5. The plaintiff has not produced any evidence to rebut the presumption which the consent of the reversioners raises in this case. It has been proved beyond any doubt that out of the consideration, at least Rs. 1250 were required to pay off a prior mortgage. There is nothing to show that it was possible to raise this sum of money without selling the property in dispute. In the absence of any such proof, it cannot be said that the sale of the property in dispute to raise this sum of money was not justified. It was not incumbent on the vendee to prove how the balance of the sale consideration was applied. All that was necessary for him to show was that there was a pressing need to meet which the sale of the property was essential. In Sri Krishen Das v. Nathu Ram their Lordships observed:
The statement that, 'where a father has sold ancestral property for the discharge of his debts, if the application of the bulk of the proceeds is accounted for, the fact that a small part is not accounted for will not invalidate the sale, although in itself a correct statement of the law, is not a complete statement of the law; a sale will not necessarily be invalidated wherever the part of the consideration not accounted for cannot be described as small.
The true question which falls to be answered in such cases is whether the sale itself was one which was justified by legal necessity. This is the point of view from which the matter should be approached.
Where the sale has been held to be justified, but there is no evidence as to the application of a portion of the consideration, a presumption arises that it has been expended for proper purposes, and for the benefit of the family.
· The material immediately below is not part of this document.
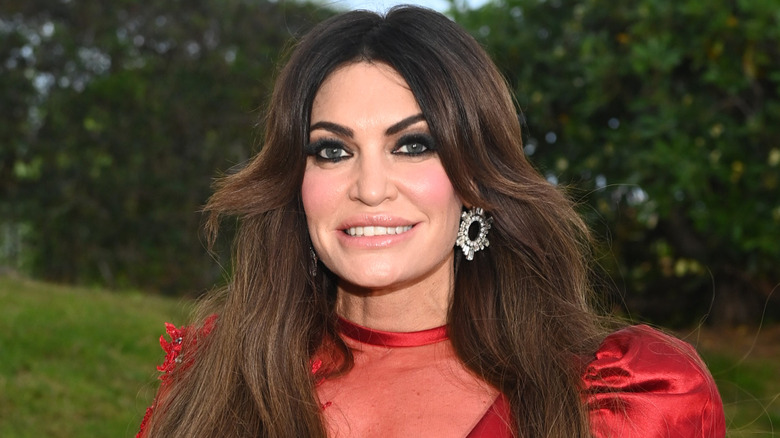 Kimberly Guilfoyle posing at amfAR gala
6. In Gauri Shanker v. Jiwan Singh their Lordships again observed:
A sale of joint property will not be set aside merely because a part of the proceeds is not proved to have been applied to purposes of necessity. The real question that has to be considered is this : whether the sale itself was justified by necessity. If the purchaser has acted honestly, if the existence of a family necessity for sale is made out, and the price is not unreasonably low, he (the purchaser) is not bound to account for the application of the price.
7. Taking all these facts into consideration, we find that the learned Civil Judge was right in upholding the sale. There is no force in the appeal. It is therefore ordered that it be dismissed with costs.